The 9th International Symposium on Chinese Spoken Language Processing

Keynote 2: Multilingual Automatic Speech Recognition for Code-switching Speech

Tanja Schultz

The performance of speech and language processing technologies has improved dramatically over the last years, with an increasing number of systems being deployed in a variety of languages and applications. Unfortunately, recent methods and models heavily rely on the availability of massive amounts of resources which only become available in languages spoken by a large number of people in countries of great economic interest, and populations with immediate information technology needs. Furthermore, todays speech processing systems target monolingual scenarios for speakers who are assumed to use one single language while interacting via voice. However, I believe that today’s globalized world requires truly multilingual speech processing systems which support phenomena of multilingualism such as code-switching and accented speech. As these are spoken phenomena, methods are required which perform reliably even if only few resources are available.

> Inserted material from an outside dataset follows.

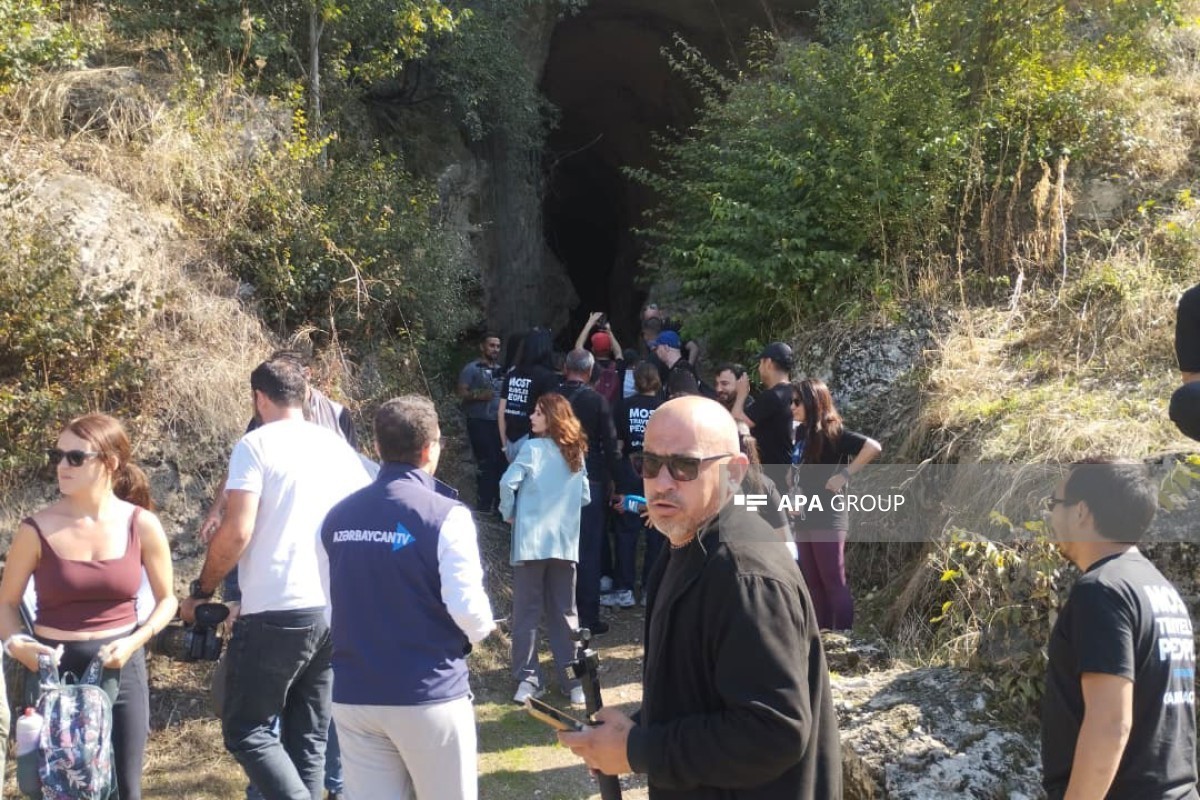 International travelers visit Azykh Cave
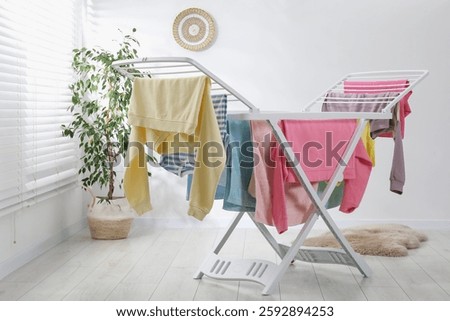 Drying rack with fresh clean laundry at home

In my talk I will present ongoing work at the Cognitive Systems Lab on applying concepts of Multilingual Speech Recognition to rapidly adapt systems to yet unsupported or under-resourced languages. Based on these concepts, I will describe the challenges of building a code-switch speech recognition system using the example of Singaporean speakers code-switching between Mandarin and English. Proposed solutions include the sharing of data and models across both languages to build truly multilingual acoustic models, dictionaries, and language models. Furthermore, I will describe the web-based Rapid Language Adaptation Toolkit (RLAT, see http://csl.ira.uka.de/rlat-dev) which lowers the overall costs for system development by automating the system building process, leveraging off crowd sourcing, and reducing the data needs without suffering significant performance losses. The toolkit enables native language experts to build speech recognition components without requiring detailed technology expertise. Components can be evaluated in an end-to-end system allowing for iterative improvements. By keeping the users in the developmental loop, RLAT can learn from the users’ expertise to constantly adapt and improve. This will hopefully revolutionize the system development process for yet under-resourced languages.